§ **Task brief**:
For the entries below, print exactly the lines between the line holding "Evo Morales pierde apoyo. (Reuters)" and the line holding "Real Busenitz Can-Can True Fit Mold deck", inclusive, and nothing else.

§ **Data extracts**:
========

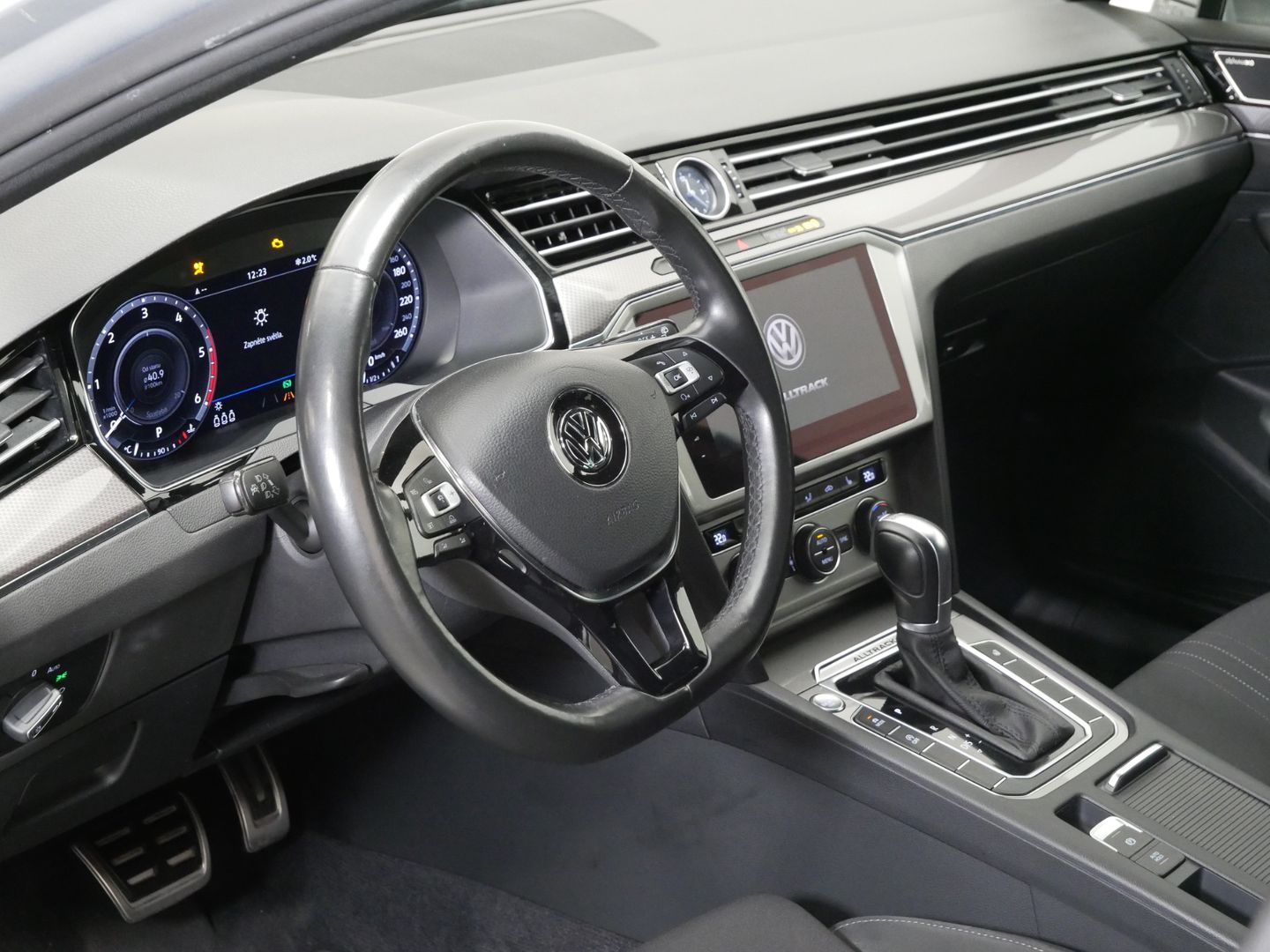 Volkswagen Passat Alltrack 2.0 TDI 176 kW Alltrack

========

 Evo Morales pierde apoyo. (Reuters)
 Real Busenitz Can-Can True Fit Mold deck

========

§ **Answer box**:
 Evo Morales pierde apoyo. (Reuters)
 Real Busenitz Can-Can True Fit Mold deck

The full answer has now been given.